Del ruolo centrale della sicurezza ha parlato Maurizio Desiderio, country manager per Italia e Malta di F5 Networks: “Oggi sono le applicazioni che consentono alle aziende  di crescere – spiega – Al centro di tutto ci sono i dati: ogni automobile, sono per fare un esempio, ha decine di centraline che raccolgono le informazioni che arrivano da sensori, e che sono il terminale di una quantità di dati incredibile, spesso non sfruttata al meglio. Ma questi sensori sono controllati da applicazioni da remoto, e quindi possono essere hackerate. Per questo la sicurezza deve essere in cima alle preoccupazioni di chi sviluppa applicazioni. Il fatto che oggi ci sia la corsa a voler sviluppare servizi “in tempo reale”, mentre prima soltanto i test potevano durare mesi, può avere un impatto sull’affidabilità, e quindi anche sulla sicurezza. Stiamo vivendo un momento di trasformazione – conclude Desiderio – con il cloud che avanza e l’hardware che sta sparendo”.

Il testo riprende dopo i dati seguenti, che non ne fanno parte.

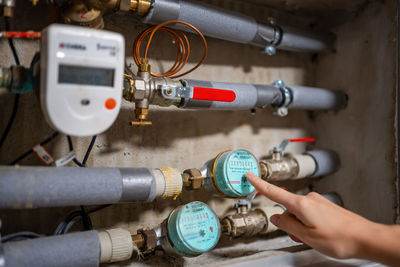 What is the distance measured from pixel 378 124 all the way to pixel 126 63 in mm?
760

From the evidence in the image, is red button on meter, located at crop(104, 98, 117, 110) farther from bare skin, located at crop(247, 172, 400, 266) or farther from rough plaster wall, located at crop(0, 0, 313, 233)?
bare skin, located at crop(247, 172, 400, 266)

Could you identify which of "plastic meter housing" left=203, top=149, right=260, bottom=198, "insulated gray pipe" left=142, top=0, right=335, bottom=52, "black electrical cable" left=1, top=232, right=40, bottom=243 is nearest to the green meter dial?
"plastic meter housing" left=203, top=149, right=260, bottom=198

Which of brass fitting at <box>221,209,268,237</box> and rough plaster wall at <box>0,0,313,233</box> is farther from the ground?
rough plaster wall at <box>0,0,313,233</box>

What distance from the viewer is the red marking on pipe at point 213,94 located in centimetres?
81

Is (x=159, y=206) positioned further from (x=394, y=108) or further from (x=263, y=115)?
(x=394, y=108)

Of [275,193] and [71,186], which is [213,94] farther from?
[71,186]

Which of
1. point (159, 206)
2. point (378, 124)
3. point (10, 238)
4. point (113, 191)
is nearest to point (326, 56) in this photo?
point (378, 124)

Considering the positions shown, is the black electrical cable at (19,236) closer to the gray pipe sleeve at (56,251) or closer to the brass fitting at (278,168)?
the gray pipe sleeve at (56,251)

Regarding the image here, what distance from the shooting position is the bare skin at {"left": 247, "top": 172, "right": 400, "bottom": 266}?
63 centimetres

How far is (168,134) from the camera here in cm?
95

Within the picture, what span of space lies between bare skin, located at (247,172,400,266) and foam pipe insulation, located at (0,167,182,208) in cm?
27

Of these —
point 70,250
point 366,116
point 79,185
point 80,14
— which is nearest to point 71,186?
point 79,185

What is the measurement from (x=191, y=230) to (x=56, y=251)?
0.91ft

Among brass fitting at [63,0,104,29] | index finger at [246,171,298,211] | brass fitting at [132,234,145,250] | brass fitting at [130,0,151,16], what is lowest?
brass fitting at [132,234,145,250] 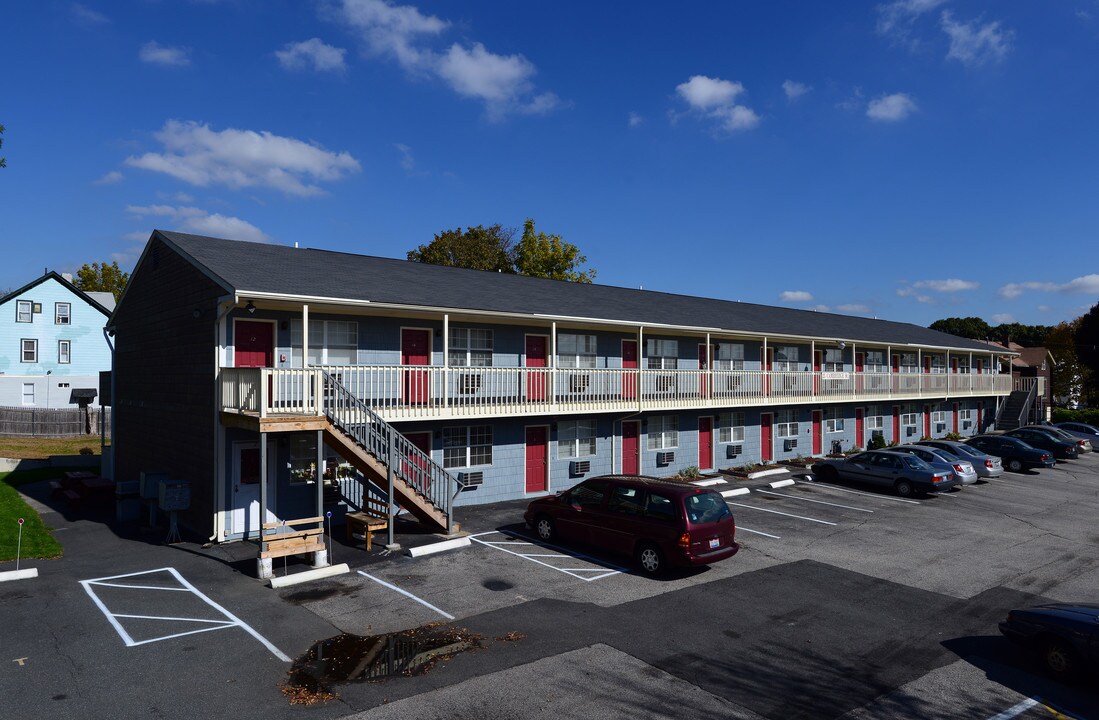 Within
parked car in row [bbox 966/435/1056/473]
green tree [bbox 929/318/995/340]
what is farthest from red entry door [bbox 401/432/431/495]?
green tree [bbox 929/318/995/340]

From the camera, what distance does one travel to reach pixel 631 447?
2289 centimetres

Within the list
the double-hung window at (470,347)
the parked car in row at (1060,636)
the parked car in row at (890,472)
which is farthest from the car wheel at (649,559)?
the parked car in row at (890,472)

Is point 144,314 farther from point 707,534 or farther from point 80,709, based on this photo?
point 707,534

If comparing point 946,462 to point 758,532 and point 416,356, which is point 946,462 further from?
point 416,356

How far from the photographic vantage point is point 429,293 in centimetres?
1811

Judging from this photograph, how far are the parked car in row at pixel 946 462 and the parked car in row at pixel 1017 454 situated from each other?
5090mm

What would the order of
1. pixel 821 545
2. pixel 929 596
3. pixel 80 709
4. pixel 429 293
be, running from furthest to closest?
pixel 429 293 → pixel 821 545 → pixel 929 596 → pixel 80 709

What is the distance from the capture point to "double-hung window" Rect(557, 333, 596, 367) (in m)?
21.3

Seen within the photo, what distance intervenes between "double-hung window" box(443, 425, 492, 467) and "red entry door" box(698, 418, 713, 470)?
912 centimetres

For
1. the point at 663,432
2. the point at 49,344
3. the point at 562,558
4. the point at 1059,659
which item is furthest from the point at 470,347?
the point at 49,344

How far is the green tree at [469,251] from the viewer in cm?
5188

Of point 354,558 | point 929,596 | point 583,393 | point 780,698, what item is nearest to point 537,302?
point 583,393

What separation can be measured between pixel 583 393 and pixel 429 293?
5376 mm

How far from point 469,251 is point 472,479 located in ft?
116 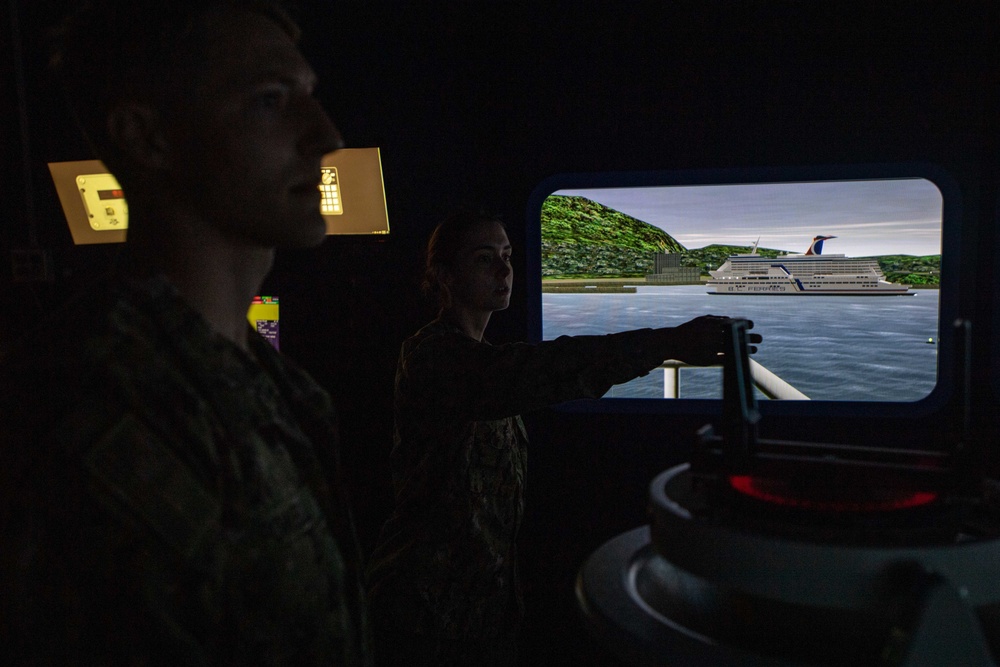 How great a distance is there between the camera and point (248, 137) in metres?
0.81

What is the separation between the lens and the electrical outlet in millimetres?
3135

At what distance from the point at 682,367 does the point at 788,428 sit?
1.53 feet

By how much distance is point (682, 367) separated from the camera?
9.43 feet

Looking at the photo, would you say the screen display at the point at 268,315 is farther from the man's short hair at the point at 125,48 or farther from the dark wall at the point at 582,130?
the man's short hair at the point at 125,48

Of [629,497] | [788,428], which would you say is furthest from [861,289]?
[629,497]

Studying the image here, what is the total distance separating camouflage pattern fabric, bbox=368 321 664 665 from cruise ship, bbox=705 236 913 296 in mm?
1768

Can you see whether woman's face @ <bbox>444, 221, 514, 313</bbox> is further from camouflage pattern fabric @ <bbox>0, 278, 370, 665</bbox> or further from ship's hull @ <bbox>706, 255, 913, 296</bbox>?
ship's hull @ <bbox>706, 255, 913, 296</bbox>

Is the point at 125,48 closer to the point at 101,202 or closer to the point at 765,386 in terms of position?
the point at 765,386

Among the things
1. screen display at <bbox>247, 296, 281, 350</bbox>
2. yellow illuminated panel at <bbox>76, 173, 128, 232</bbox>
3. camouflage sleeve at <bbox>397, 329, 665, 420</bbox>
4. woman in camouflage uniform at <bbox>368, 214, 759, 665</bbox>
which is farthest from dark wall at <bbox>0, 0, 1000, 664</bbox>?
camouflage sleeve at <bbox>397, 329, 665, 420</bbox>

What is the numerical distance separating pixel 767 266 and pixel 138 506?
2.97 metres

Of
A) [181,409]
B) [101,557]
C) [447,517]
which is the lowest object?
[447,517]

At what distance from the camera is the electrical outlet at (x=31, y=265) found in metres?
3.13

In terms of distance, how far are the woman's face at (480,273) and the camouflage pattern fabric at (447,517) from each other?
0.53ft

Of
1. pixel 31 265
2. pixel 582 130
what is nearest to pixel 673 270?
pixel 582 130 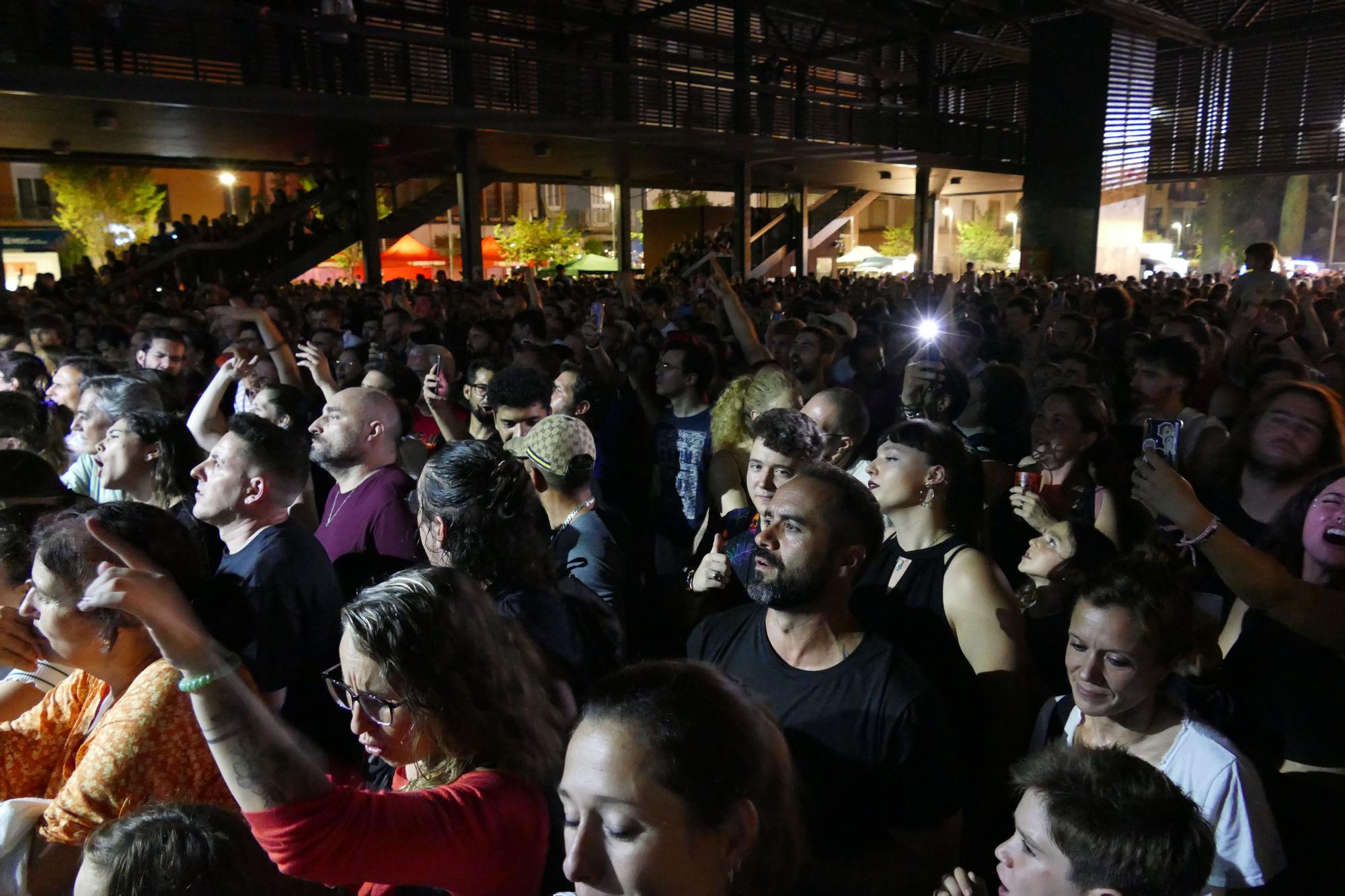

“Il ruolo di Sirti nell’abilitazione dei servizi 5G parte dalla realizzazione della rete ultrabroadband in fibra, che è l’infrastruttura abilitante per i nuovi servizi – spiega Amedeo Paulone, Business Unit Active Networks & IT e Business Unit Energy & Epc di Sirti – La fibra è un elemento disruptive, e noi stiamo investendo per creare una rete di qualità e future proof. Siamo organizzati su 4 business unit: tlc, energia, transportation. Poi, dal momento che in tutte queste attività non si può fare a meno della fibra, c’è la divisione Active network, per dare “intelligenza” alle reti attraverso il cloud, per configurarle nella maniera più opportuna in relazione ai servizi che devono erogare. Così – conclude Paulone – oltre a posare infrastrutture pensiamo insieme ai clienti come utilizzarla, con una grande attenzione all’installazione di tutti gli apparati hardware e software per controllarne l’integrità. I grandi clienti devono infatti avere ben chiaro come vogliono utilizzare la rete per erogare servizi. Così la componente hardware, che prima rappresentava il 70% del fatturato, sta progressivamente perdendo terreno, mentre salgono software e servizi. La sfida, oggi, è mettere in campo l’infrastruttura volta per volta più adatta allo scopo”.